Signed word lengths and indexes

Mon Jun 14 15:43:32 PDT 2010

On 14/06/2010 21:52, bearophile wrote:
> I have found a Reddit discussion few days old:
> http://www.reddit.com/r/programming/comments/cdwz5/the_perils_of_unsigned_iteration_in_cc/
>
>  It contains this, that I quote (I have no idea if it's true), plus
> follow-ups:
>
>> At Google using uints of all kinds for anything other than bitmasks
>> or other inherently bit-y, non computable things is strongly
>> discouraged. This includes things like array sizes, and the
>> warnings for conversion of size_t to int are disabled. I think it's
>> a good call.<
>
> I have expressed similar ideas here:
> http://d.puremagic.com/issues/show_bug.cgi?id=3843
>
> Unless someone explains me why I am wrong, I will keep thinking that
> using unsigned words to represent lengths and indexes, as D does, is
> wrong and unsafe, and using signed words (I think C# uses ints for
> that purpose) in D is a better design choice.

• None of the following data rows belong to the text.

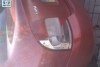 ��� Lada Kalina  2006. ���� 5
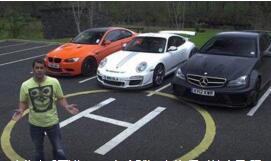 ������Ա������۱�ʱ�ݴ���703�ں�Ԫ����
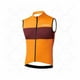 thumbnail image 5 of Chaleco de ciclismo AUDAX, chaqueta y maillot para bicicleta de montaña, 5 of 5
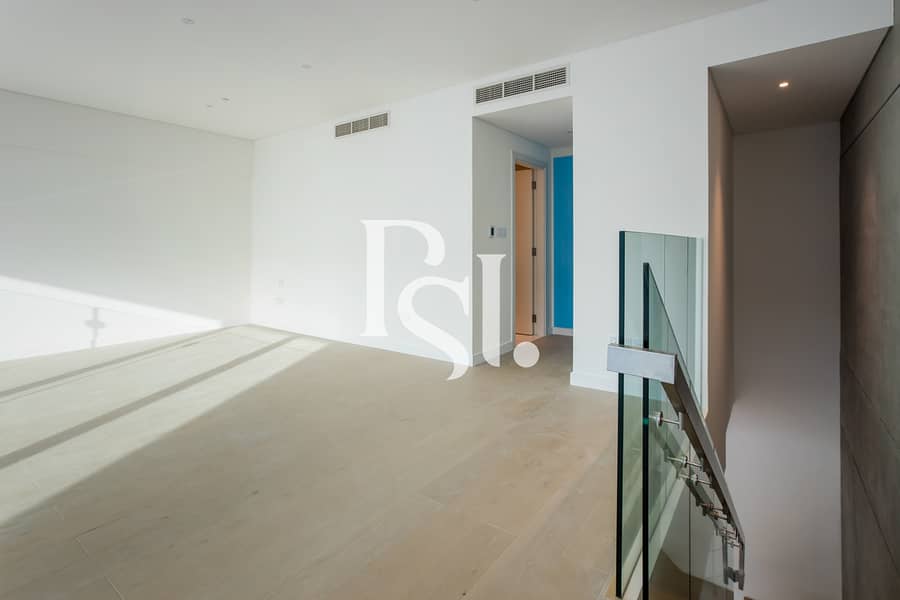 7 1br-mamsha-al-saadiyat-saadiyat-island-abu-dhabi-15. jpg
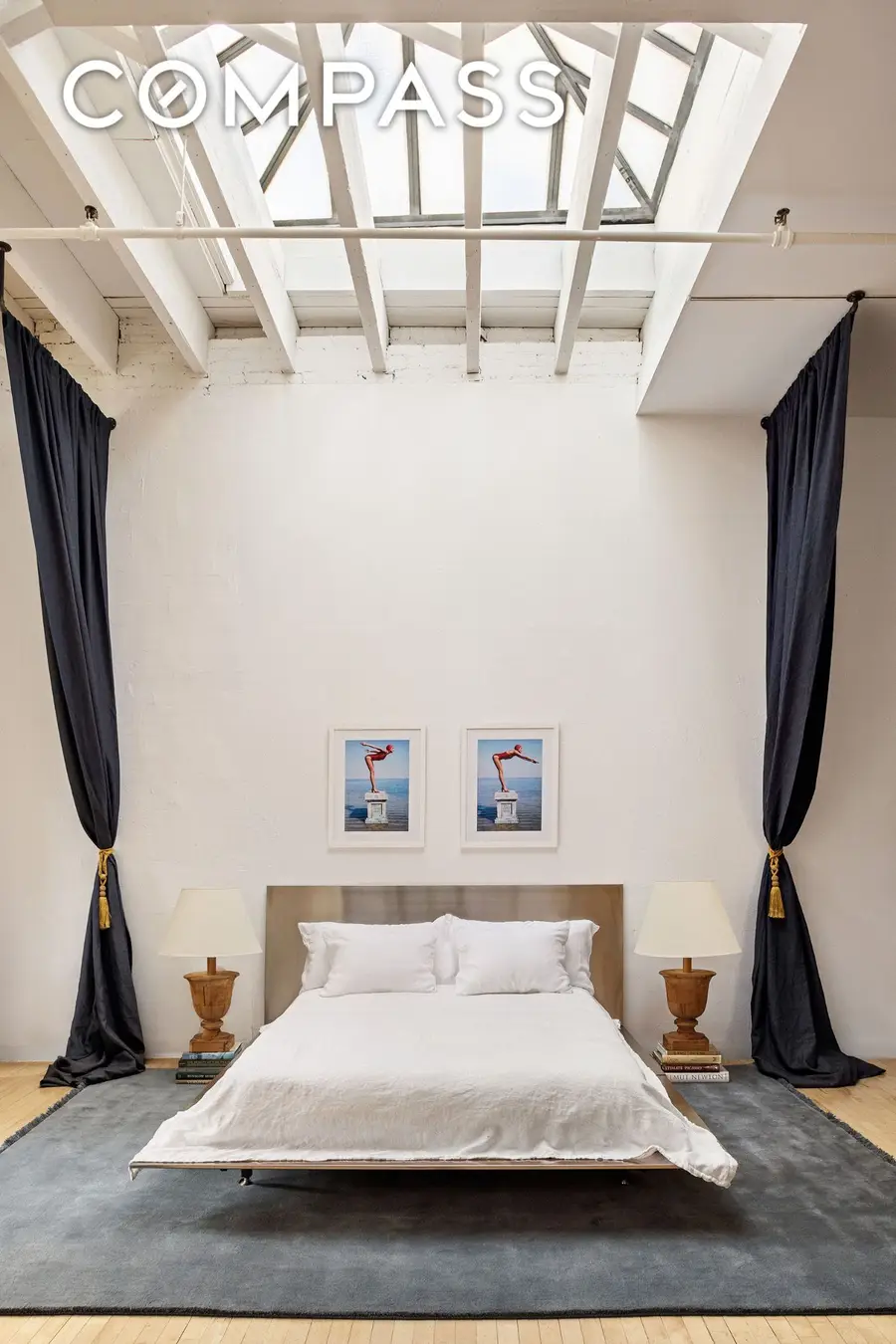 47 Howard Street #PH, New York, NY 10013 - #2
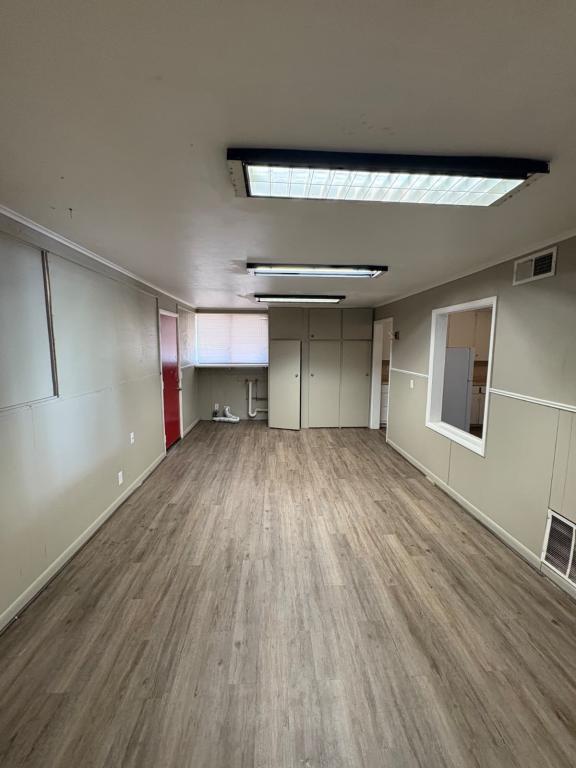 Foto del edificio - 811 NW Lupa St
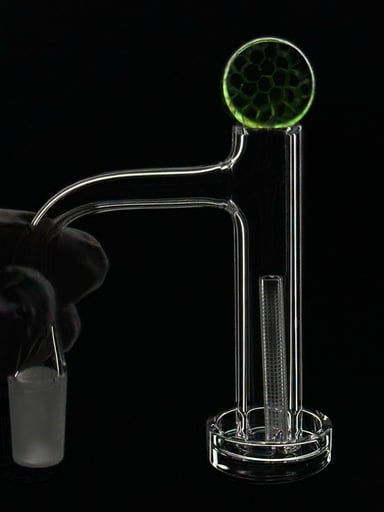 Preview pic of Control Tower Complete Set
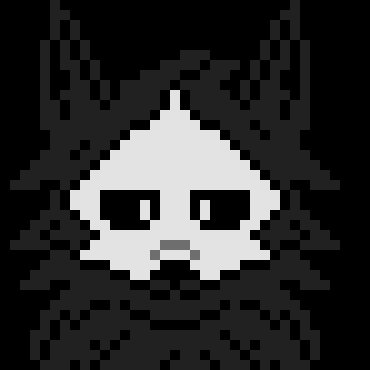 [cb9032] dst what are you doing?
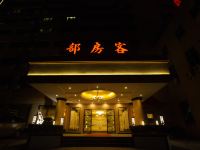 普宁东昇大酒店 - 酒店附近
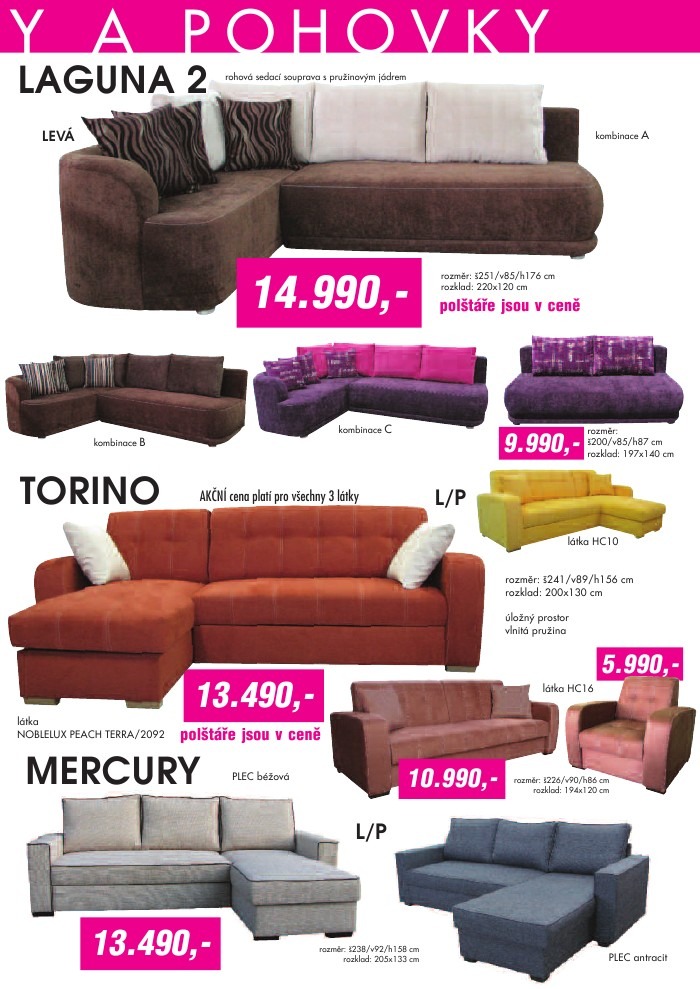 let�k N�bytk��i �ech a Moravy strana 1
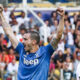 Tatuaggi di Leonardo Bonucci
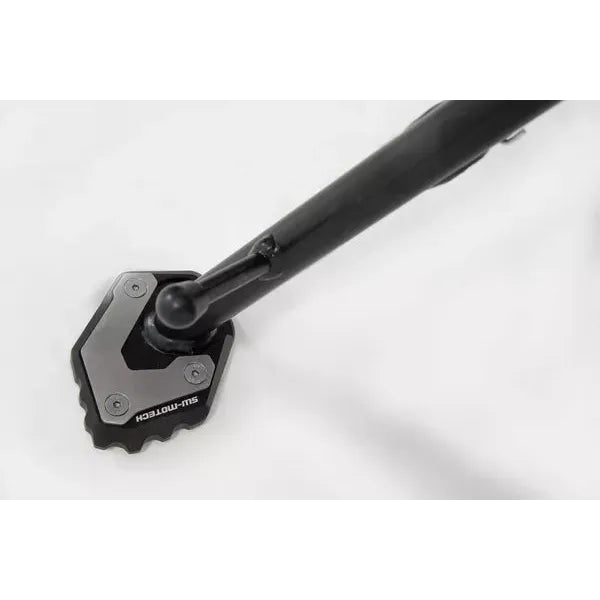 Sidestand Foot Ext Sts.07.897.10000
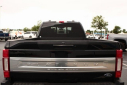 Thumbnail image of 2021 Ford F-450 Super Duty at David Stanley Chevrolet
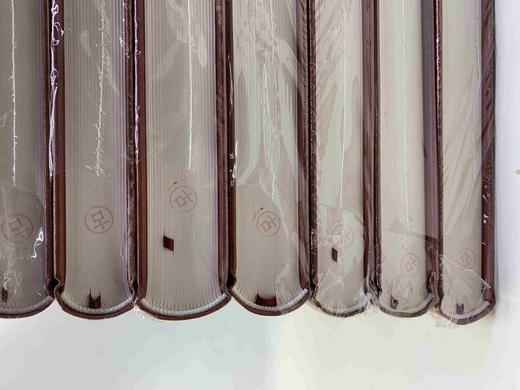 《中华大典 历史典 人物分典》，精装，16开，全11册，7000多页，熊月之主编，上海古籍出版社2016年版，定价3680，售价1500元。品相9成。 商品图6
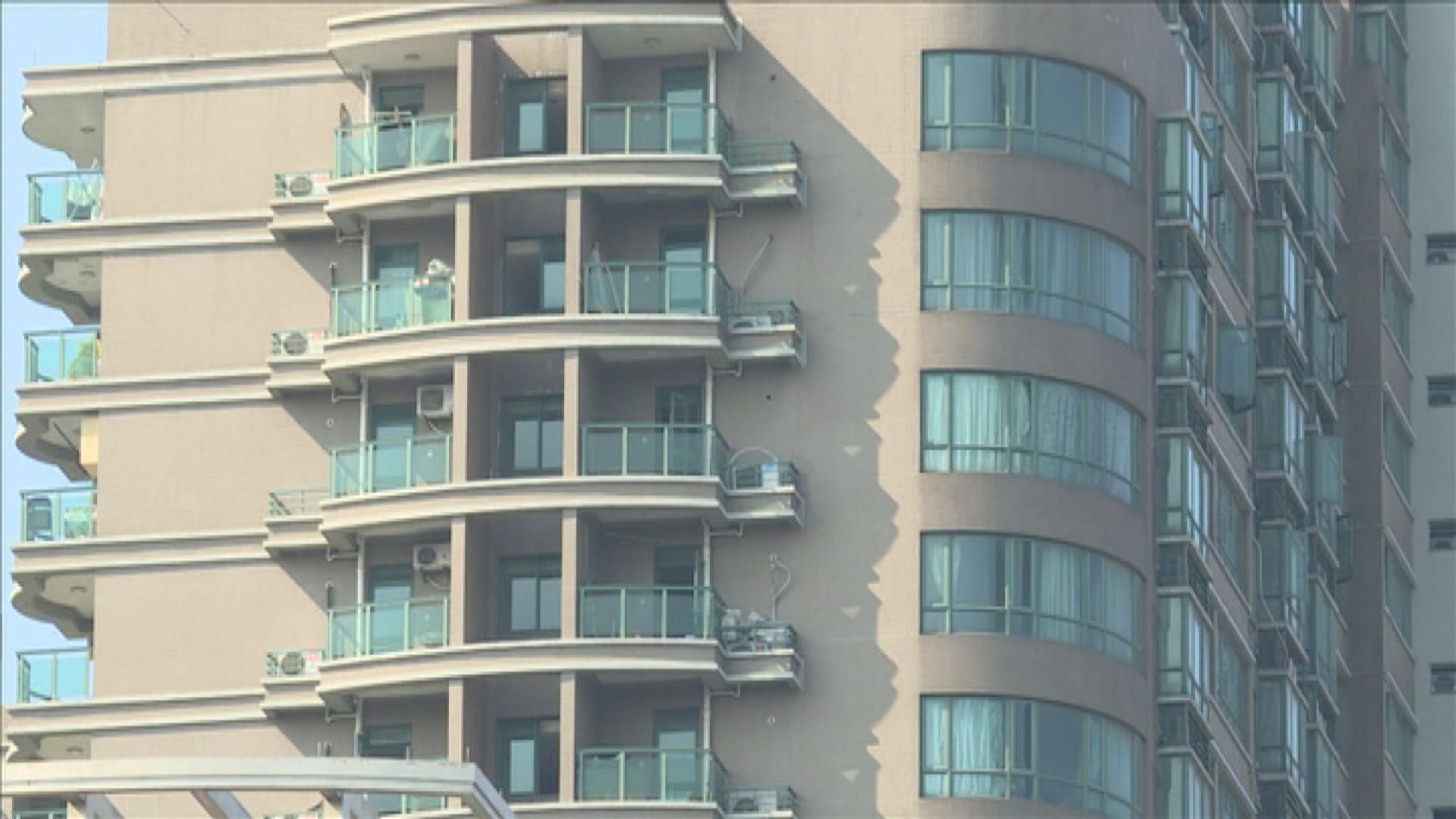 【放寬限購】杭州市三孩家庭增1個買樓名額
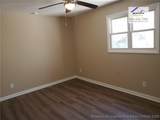 300 Rodie Avenue - Photo 10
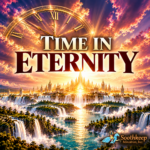 Time In Eternity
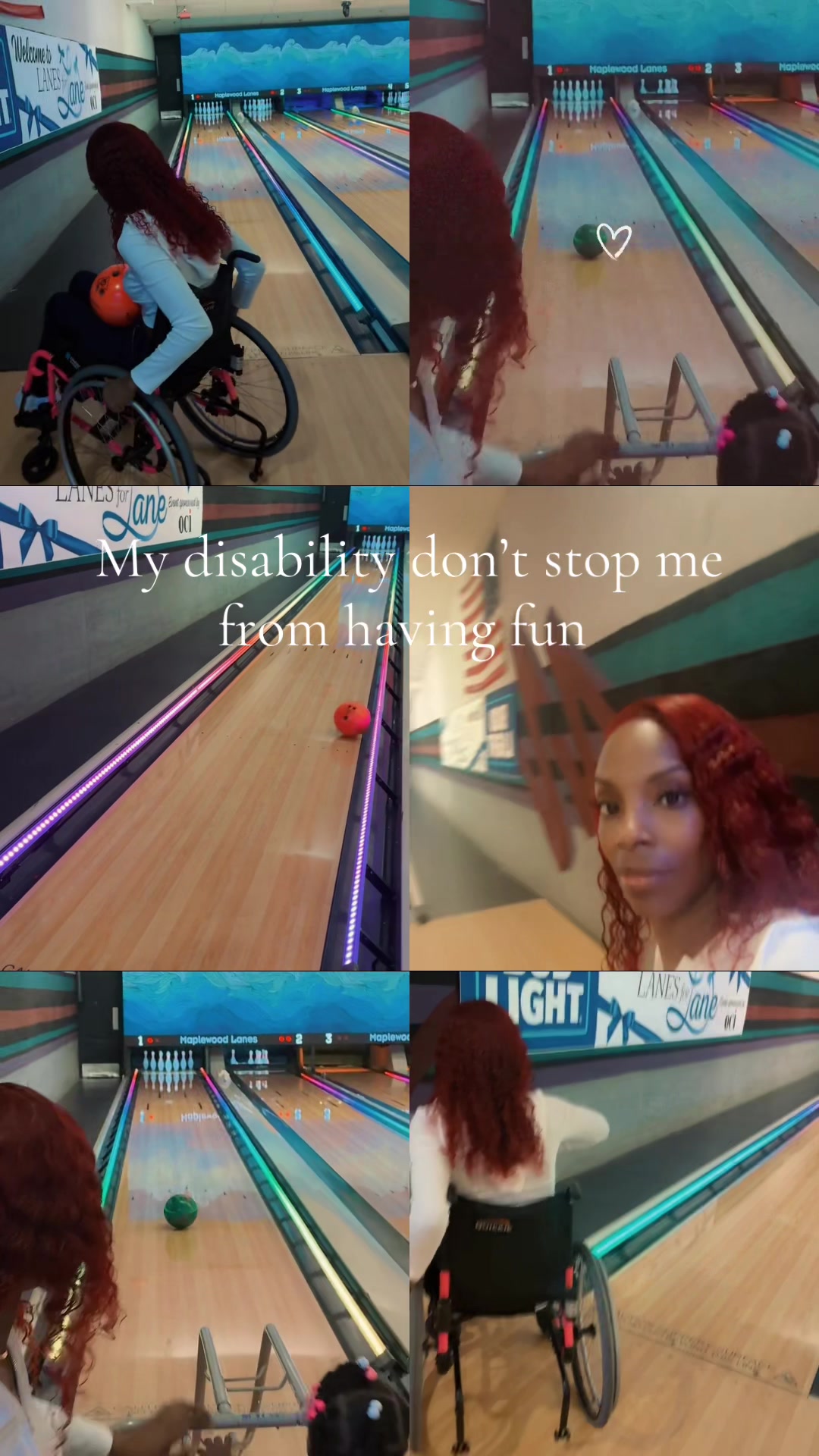 @NiqNiq
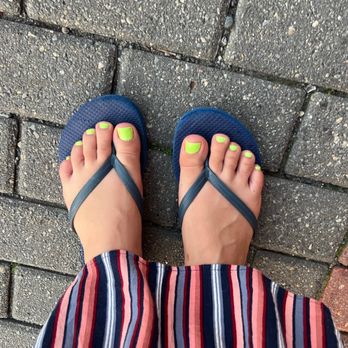 Gotham Nails - Nail Salons Near Me - Hoboken, New Jersey Gotham Nails - Nail Salons Near Me - Hoboken, New Jersey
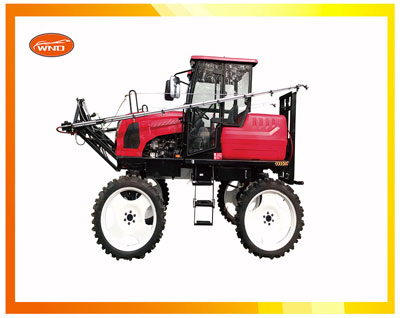 天津沃能达实业有限公司产品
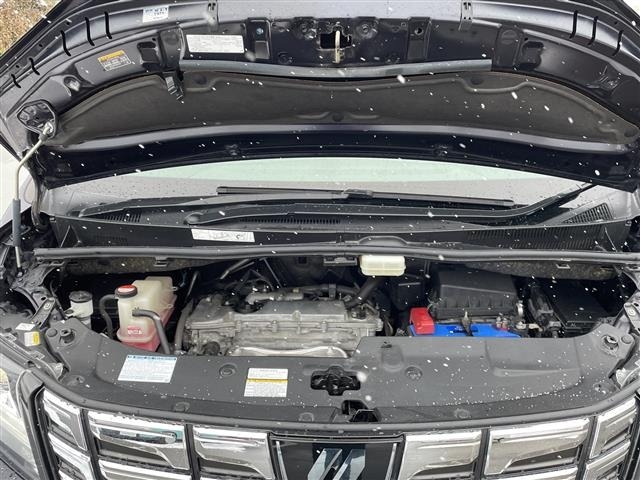 Toyota ALPHARD 2016 7024052-15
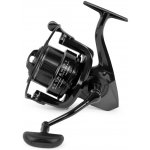 Preston Extremity Feeder reel 620 – Sleviste.cz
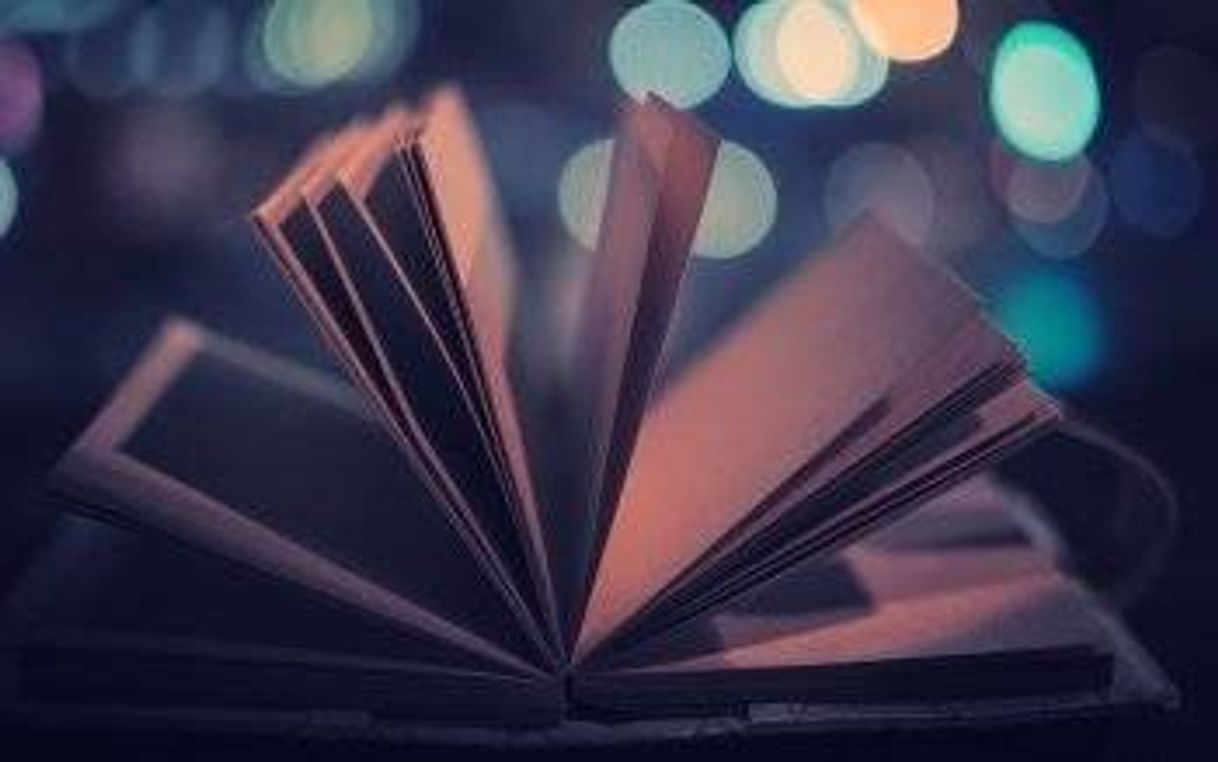 Social EL MEJOR CORTO DEL MUNDO PARA FOMENTAR LA LECTURA ...
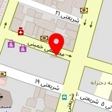 لوازم آرایشی صدف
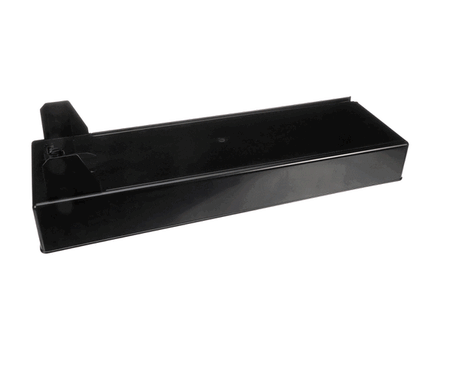 MULTIPLEX PARTS WBL-94-056 - SKU MANBWBL-94-056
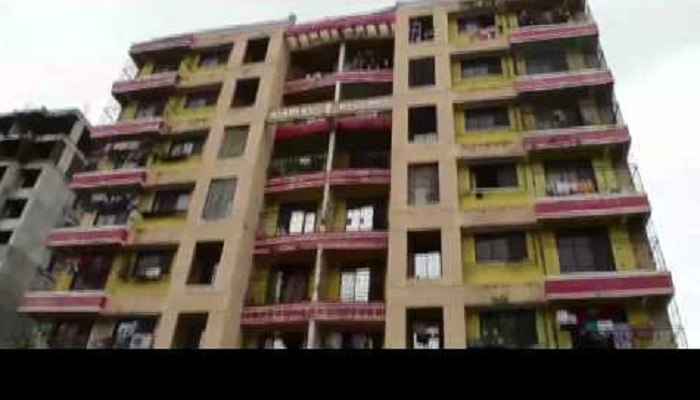 Lucky Stanley Regency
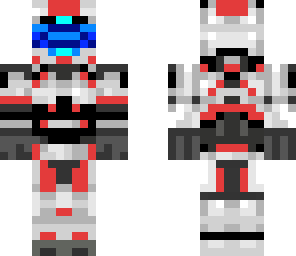 reduntspartan-iv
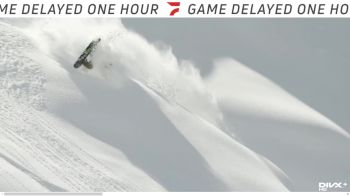 Replay: Stream A - 2025 GTC Automation | May 2 @ 8 AM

Well for a start, you lose half your addressable memory.

unsigned numbers are only a problem if you don't understand how they 
work, but that goes for just about everything else as well.

Personally I hate the use of signed numbers as array indices; it's 
moronic and demonstrates the writers lack of understanding. It's very 
rare to actually want to index an array with a negative number.
Last time I did that was years ago when writing in assembler; and that
was an optimisation hack to squeeze maximum performance out of my code.

c.f.

Item getItem(int indx) {
   if(indx >= 0 && indx < _arr.length)
     return _arr[indx];
   throw new Error(...)
}

vs.

// cleaner no?
Item getItem(uint indx) {
   if(indx < _arr.length)
     return _arr[indx];
   throw new Error(...)
}

and backwards iteration:

for(int i = end - 1; i >= 0; --i)
   ...

vs

for(uint i = end - 1; i < length; --i)
   ...

Ok about the same, but I find the second more clear, the
i < length clearly indicates iteration over the whole array.

And that second wrong bit of code on the blog is wrong
with signed numbers as well:

int len = strlen(some_c_str);
// say some_c_str is empty so len = 0
int i;
for (i = 0; i < len - 1; ++i) {
   // so len - 1 == -1
   // iterate until i wraps round and becomes -1
}

Using 'int's doesn't magically fix it. Wrong code is just wrong.

I do think that allowing un-casted assignments between signed/unsigned 
is a problem though; that's where most of the bugs creep up I've come 
across crop up. I think D should simply disallow implicit mixing of 
signd-ness.

Hasn't that been discussed before? (I'm not referring to the recent post 
in d.learn) It seems familiar.

-- 
My enormous talent is exceeded only by my outrageous laziness.
http://www.ssTk.co.uk